7. In summary, and having regard to the purpose for which questions are referred to the Enlarged Board (as set out in Article 112 EPC), the Enlarged Board does not consider it appropriate to take too narrow a view of the referred questions, but that it should consider and answer them in such a way as to clarify the points of law which lie behind them. See G 2/88 and G 6/88 (OJ EPO 1990, 93 and 114), point 1 of the Reasons in both cases.
C. The question of law
[...]
11. The Enlarged Board will return to the issue of interpretation but will first consider how the issue has been dealt with in the decisions of the Boards of Appeal.
D. The existing jurisprudence of the Enlarged Board of Appeal
[...]
E. The existing jurisprudence of the Technical Boards of Appeal
E.(i) The "conventional" approach
[...]
19. This case and the next discussed (T 227/88) can be taken as the origin of what the Enlarged Board will refer to as the "conventional" approach to the current issue, in particular the test of whether the amendment introduces any contravention of Article 84 EPC and the principle that Article 102(3) EPC 1973, now Article 101(3) EPC, does not allow objections to be based upon Article 84 EPC if such objections do not arise out of the amendments made. However, although the Board in T 301/87 had earlier pointed out the distinction between Articles 102(1), (2) and (3) EPC 1973, the decision does not really explain why Article 102(3) EPC 1973 did not "allow" Article 84 EPC objections if they do not arise out of the amendments made. There is also a problem with the only justification given in the decision because, if the amendment saves the patent from revocation, it is hardly appropriate to describe it as "minor", if this is to be taken as meaning unimportant. Again, an argument that any other conclusion would be "somewhat absurd", although a useful indication that the conclusion is correct, is itself hardly a satisfactory juridical basis for a decision.
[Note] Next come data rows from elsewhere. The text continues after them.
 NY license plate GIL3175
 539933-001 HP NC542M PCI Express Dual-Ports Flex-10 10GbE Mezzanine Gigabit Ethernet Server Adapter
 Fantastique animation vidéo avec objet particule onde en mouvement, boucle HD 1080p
20. In T 301/87 the earlier decision in T 227/88 (OJ EPO 1990, 292) was cited, in which amended claim 1 was a combination of granted claims 1, 2, 3 and 4, with deletion of various alternatives. The Board in T 227/88 said:
"3. The main claim having been amended, it is necessary to consider its validity in accordance with Article 102(3) EPC [1973]. In all cases in which amendments are requested by the patentee and are considered to be free from objection under Article 123(2) EPC, Article 102(3) EPC [1973] confers upon the Opposition Division and the Board of Appeal jurisdiction, and thus the power, to decide upon the validity of the patent as amended in the light of the requirements of the Convention as a whole. This jurisdiction is thus wider than the jurisdiction conferred by Articles 102(1) and (2) EPC [1973], which expressly limit jurisdiction to the grounds for opposition mentioned in Article 100 EPC. When substantive amendments are made to a patent within the extent to which the patent is opposed, both instances have the power to deal with grounds and issues arising from those amendments …
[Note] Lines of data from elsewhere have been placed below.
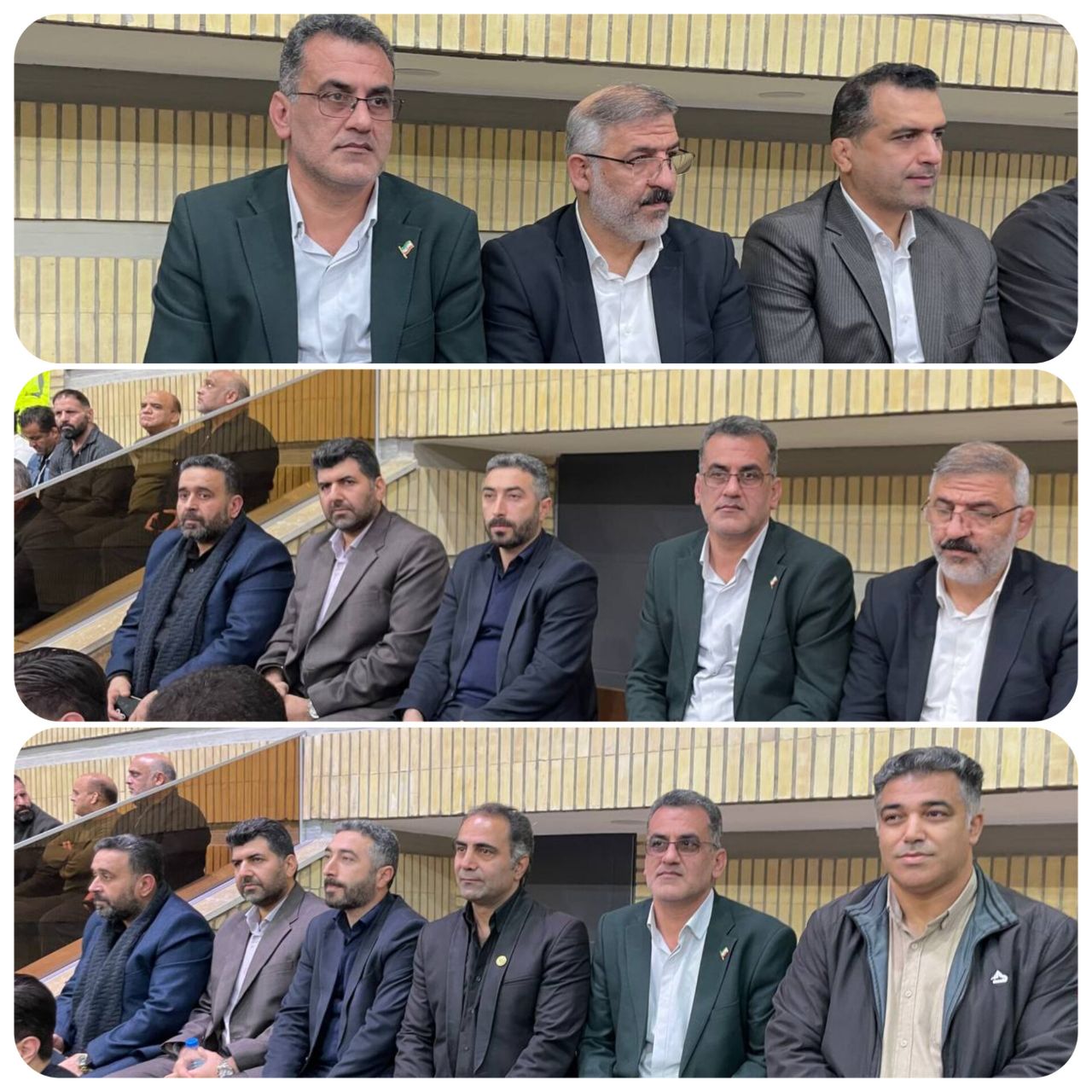  حضور فرماندار جویبار در فینال لیگ برتر کشتی برای حمایت از استقلال جویبار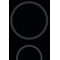 Whirlpool Liesitaso AKT 360/IX Musta Radiant vitroceramic Frontal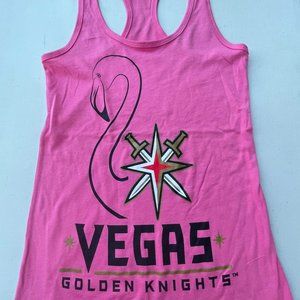 Vegas Golden Knights (VGK) Victory Flamingo Tank Tops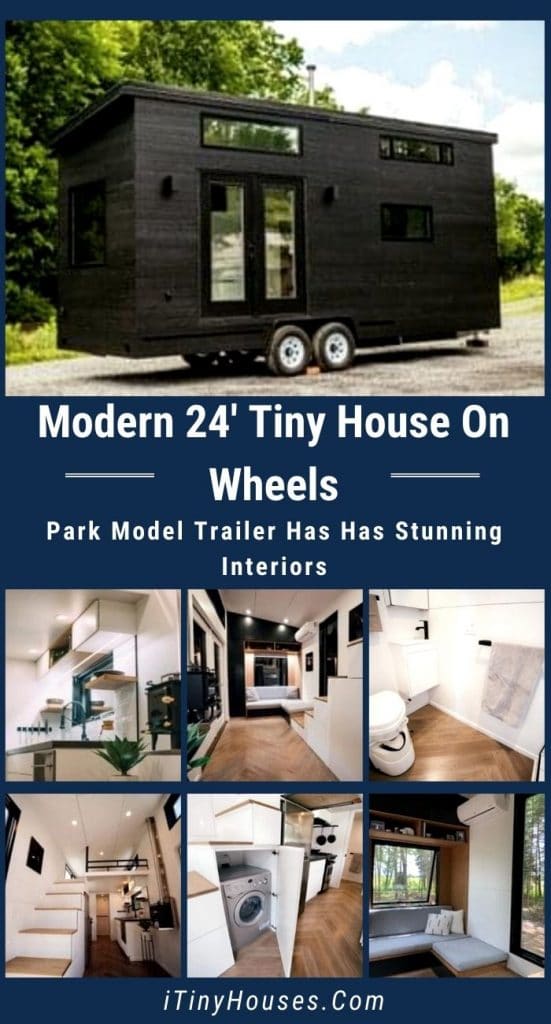 Modern 24' Tiny House on Wheels Has Stunning Interiors PIN (2)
4. The abovementioned power must, however, be exercised in a manner that takes full account of the conflicting interests of two relevant sections of the patent community, namely, the patentee's need to have an opposition proceedings decided as swiftly as the procedure allows, and the certainty of other users or potential users of the inventions, the subject of European patents, that such patents are legally valid and enforceable."
[...]
26. In many cases which have followed this approach and in which the lack of clarity was already present in the granted claim, the amended claim has then had to be interpreted, if appropriate with the help of the description (see, e.g., T 698/99). This may result in it being given a broad meaning (see, e.g., T 2049/07, point 3 of the Reasons, and the further cases cited there) or in it being found to be meaningless (see, e.g., T 626/91, where the Opposition Division had come to this view), with the result that the claim may not be apt to distinguish the subject matter over the prior art or establish an inventive step. Alternatively, the lack of clarity in the amended claim may mean that the skilled person may not know how to carry out the invention (Article 83 EPC - see, e.g., T 626/91, point 3.2 of the Reasons).
E.(ii) Decisions interpreting "arising out of"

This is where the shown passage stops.